◆ **GIVEN INFORMATION**
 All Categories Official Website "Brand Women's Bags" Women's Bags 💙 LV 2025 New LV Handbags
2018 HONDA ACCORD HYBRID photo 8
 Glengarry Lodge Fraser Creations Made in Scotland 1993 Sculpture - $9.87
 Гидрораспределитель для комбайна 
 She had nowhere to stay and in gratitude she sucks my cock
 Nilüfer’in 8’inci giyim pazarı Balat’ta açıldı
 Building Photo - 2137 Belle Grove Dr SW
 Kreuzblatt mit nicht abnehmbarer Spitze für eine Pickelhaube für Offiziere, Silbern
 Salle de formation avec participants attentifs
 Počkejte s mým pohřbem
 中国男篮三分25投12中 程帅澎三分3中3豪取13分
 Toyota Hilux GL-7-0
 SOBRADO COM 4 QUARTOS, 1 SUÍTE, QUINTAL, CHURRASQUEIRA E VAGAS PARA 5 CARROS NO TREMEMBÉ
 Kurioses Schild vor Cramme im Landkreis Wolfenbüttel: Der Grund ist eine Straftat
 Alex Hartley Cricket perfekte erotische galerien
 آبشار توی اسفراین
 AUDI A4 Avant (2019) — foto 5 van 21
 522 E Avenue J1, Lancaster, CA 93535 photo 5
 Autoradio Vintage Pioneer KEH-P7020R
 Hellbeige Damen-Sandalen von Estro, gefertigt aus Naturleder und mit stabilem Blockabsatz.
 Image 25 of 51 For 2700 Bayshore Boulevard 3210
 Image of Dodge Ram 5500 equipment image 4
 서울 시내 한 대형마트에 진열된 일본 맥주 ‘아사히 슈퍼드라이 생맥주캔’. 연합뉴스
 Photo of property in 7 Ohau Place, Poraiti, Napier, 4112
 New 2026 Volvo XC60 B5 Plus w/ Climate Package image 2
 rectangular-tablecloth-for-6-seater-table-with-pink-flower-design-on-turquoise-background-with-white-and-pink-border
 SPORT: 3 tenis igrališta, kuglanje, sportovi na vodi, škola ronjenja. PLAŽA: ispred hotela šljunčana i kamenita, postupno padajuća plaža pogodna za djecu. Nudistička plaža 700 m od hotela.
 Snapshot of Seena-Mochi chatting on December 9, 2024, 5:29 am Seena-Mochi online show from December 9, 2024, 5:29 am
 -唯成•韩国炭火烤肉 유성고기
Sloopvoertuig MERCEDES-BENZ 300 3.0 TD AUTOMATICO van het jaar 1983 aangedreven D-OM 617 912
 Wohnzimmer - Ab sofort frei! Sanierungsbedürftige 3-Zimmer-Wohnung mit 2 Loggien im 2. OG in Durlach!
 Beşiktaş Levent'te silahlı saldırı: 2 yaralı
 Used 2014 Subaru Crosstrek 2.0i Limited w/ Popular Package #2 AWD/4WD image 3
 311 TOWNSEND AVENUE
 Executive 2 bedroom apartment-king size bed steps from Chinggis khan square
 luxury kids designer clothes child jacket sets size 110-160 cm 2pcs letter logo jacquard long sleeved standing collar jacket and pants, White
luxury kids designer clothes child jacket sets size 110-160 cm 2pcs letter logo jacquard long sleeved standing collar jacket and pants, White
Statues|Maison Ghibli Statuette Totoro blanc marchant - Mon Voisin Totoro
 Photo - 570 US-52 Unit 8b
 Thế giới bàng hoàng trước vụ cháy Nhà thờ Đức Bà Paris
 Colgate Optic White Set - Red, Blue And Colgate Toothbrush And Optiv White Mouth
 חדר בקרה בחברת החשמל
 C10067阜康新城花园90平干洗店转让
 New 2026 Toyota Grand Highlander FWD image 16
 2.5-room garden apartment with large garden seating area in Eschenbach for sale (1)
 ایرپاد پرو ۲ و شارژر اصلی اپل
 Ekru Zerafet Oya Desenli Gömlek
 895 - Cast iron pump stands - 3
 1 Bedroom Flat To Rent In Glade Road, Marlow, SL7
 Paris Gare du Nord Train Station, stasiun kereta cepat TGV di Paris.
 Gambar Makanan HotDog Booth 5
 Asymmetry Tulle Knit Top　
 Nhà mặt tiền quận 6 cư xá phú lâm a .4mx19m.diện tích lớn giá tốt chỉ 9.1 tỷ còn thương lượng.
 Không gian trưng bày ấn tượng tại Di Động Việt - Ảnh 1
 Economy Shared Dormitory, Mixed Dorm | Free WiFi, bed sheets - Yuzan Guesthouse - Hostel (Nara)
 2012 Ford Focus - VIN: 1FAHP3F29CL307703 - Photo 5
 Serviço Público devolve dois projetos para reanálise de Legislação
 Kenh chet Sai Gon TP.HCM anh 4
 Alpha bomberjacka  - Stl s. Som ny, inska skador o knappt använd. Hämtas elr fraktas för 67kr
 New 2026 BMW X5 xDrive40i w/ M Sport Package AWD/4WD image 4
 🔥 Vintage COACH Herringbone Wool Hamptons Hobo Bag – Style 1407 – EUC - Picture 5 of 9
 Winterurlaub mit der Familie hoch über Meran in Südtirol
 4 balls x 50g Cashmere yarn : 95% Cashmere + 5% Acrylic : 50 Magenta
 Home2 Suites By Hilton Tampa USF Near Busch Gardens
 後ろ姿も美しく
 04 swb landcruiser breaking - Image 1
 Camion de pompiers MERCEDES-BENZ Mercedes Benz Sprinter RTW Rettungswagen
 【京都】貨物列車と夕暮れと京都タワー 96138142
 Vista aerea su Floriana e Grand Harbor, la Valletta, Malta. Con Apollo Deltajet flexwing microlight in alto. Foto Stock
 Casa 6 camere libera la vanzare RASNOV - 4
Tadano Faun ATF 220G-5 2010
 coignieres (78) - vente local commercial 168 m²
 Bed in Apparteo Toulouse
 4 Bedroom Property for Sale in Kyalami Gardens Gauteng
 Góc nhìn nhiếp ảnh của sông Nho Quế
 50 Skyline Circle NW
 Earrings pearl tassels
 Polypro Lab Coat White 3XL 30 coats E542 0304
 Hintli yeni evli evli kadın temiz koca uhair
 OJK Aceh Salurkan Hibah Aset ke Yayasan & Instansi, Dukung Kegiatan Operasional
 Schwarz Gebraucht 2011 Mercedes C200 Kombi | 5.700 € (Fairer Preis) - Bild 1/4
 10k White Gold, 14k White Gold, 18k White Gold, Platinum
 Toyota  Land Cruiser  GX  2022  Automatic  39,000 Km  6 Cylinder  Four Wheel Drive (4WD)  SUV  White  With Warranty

◆ **TASK DETAILS**
Word for word, please print every line from the beginning of the records to the line bearing "SPORT: 3 tenis", counting both ends and stopping there.

◆ **TASK SOLUTION**
 All Categories Official Website "Brand Women's Bags" Women's Bags 💙 LV 2025 New LV Handbags
2018 HONDA ACCORD HYBRID photo 8
 Glengarry Lodge Fraser Creations Made in Scotland 1993 Sculpture - $9.87
 Гидрораспределитель для комбайна 
 She had nowhere to stay and in gratitude she sucks my cock
 Nilüfer’in 8’inci giyim pazarı Balat’ta açıldı
 Building Photo - 2137 Belle Grove Dr SW
 Kreuzblatt mit nicht abnehmbarer Spitze für eine Pickelhaube für Offiziere, Silbern
 Salle de formation avec participants attentifs
 Počkejte s mým pohřbem
 中国男篮三分25投12中 程帅澎三分3中3豪取13分
 Toyota Hilux GL-7-0
 SOBRADO COM 4 QUARTOS, 1 SUÍTE, QUINTAL, CHURRASQUEIRA E VAGAS PARA 5 CARROS NO TREMEMBÉ
 Kurioses Schild vor Cramme im Landkreis Wolfenbüttel: Der Grund ist eine Straftat
 Alex Hartley Cricket perfekte erotische galerien
 آبشار توی اسفراین
 AUDI A4 Avant (2019) — foto 5 van 21
 522 E Avenue J1, Lancaster, CA 93535 photo 5
 Autoradio Vintage Pioneer KEH-P7020R
 Hellbeige Damen-Sandalen von Estro, gefertigt aus Naturleder und mit stabilem Blockabsatz.
 Image 25 of 51 For 2700 Bayshore Boulevard 3210
 Image of Dodge Ram 5500 equipment image 4
 서울 시내 한 대형마트에 진열된 일본 맥주 ‘아사히 슈퍼드라이 생맥주캔’. 연합뉴스
 Photo of property in 7 Ohau Place, Poraiti, Napier, 4112
 New 2026 Volvo XC60 B5 Plus w/ Climate Package image 2
 rectangular-tablecloth-for-6-seater-table-with-pink-flower-design-on-turquoise-background-with-white-and-pink-border
 SPORT: 3 tenis igrališta, kuglanje, sportovi na vodi, škola ronjenja. PLAŽA: ispred hotela šljunčana i kamenita, postupno padajuća plaža pogodna za djecu. Nudistička plaža 700 m od hotela.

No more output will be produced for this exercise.